## Source material
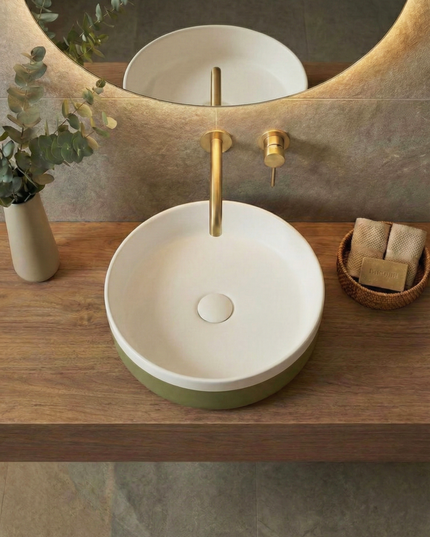Lavoar ceramic rotund A524B-CA12M – design modern alb mat și verde deschis mat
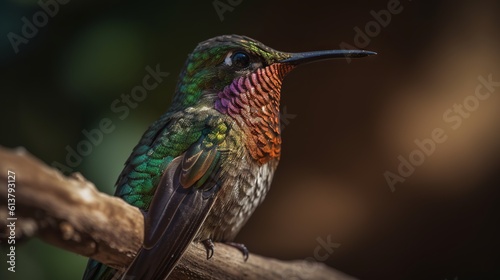 hummingbird on a branch by generative ai © Saurav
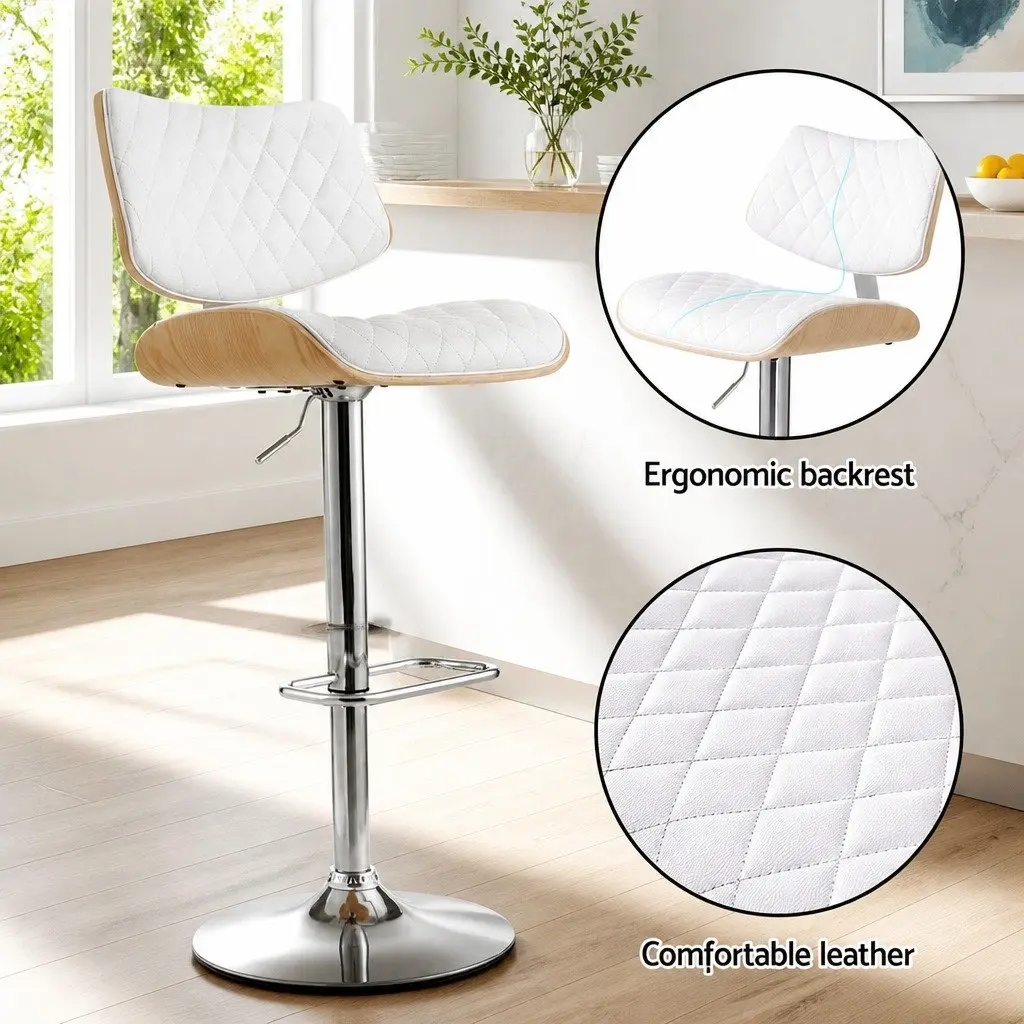 Bar Stools Padded Seat Adjustable Height Swivel White 2 Piece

## Exercise requirements
Give the listing again word for word. Skip every image.

## Reply
Lavoar ceramic rotund A524B-CA12M – design modern alb mat și verde deschis mat
 hummingbird on a branch by generative ai © Saurav
 Bar Stools Padded Seat Adjustable Height Swivel White 2 Piece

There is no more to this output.